- [Task to complete]
Output nothing but the lines from the first line of the entries to the line with "Geldbörse von Oyeta", inclusive, exactly as they read.

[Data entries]
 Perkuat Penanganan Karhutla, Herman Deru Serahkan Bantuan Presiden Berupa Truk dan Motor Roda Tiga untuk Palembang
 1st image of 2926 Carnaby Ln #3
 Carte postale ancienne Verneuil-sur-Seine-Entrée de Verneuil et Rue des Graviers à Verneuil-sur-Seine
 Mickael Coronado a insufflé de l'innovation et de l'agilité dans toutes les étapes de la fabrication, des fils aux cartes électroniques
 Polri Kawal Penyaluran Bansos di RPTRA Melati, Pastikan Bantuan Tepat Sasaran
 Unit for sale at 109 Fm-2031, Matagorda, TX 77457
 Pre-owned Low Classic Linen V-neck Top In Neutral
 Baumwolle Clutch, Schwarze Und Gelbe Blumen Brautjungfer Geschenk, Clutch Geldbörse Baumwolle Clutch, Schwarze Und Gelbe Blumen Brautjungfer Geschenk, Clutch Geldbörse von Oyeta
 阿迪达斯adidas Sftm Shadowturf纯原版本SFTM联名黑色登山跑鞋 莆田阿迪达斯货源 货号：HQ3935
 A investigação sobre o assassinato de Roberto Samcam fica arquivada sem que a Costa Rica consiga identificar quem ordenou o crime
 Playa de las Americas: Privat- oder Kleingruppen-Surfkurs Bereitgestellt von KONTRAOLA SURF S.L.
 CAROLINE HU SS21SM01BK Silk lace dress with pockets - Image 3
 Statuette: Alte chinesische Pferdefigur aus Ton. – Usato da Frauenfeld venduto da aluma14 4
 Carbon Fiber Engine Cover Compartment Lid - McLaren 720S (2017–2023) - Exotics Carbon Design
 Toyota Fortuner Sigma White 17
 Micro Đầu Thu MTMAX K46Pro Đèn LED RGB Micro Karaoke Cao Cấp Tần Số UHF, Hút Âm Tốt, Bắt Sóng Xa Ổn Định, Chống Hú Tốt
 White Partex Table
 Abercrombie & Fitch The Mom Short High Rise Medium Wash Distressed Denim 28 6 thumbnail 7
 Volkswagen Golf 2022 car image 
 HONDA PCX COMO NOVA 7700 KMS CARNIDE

- [Response box]
 Perkuat Penanganan Karhutla, Herman Deru Serahkan Bantuan Presiden Berupa Truk dan Motor Roda Tiga untuk Palembang
 1st image of 2926 Carnaby Ln #3
 Carte postale ancienne Verneuil-sur-Seine-Entrée de Verneuil et Rue des Graviers à Verneuil-sur-Seine
 Mickael Coronado a insufflé de l'innovation et de l'agilité dans toutes les étapes de la fabrication, des fils aux cartes électroniques
 Polri Kawal Penyaluran Bansos di RPTRA Melati, Pastikan Bantuan Tepat Sasaran
 Unit for sale at 109 Fm-2031, Matagorda, TX 77457
 Pre-owned Low Classic Linen V-neck Top In Neutral
 Baumwolle Clutch, Schwarze Und Gelbe Blumen Brautjungfer Geschenk, Clutch Geldbörse Baumwolle Clutch, Schwarze Und Gelbe Blumen Brautjungfer Geschenk, Clutch Geldbörse von Oyeta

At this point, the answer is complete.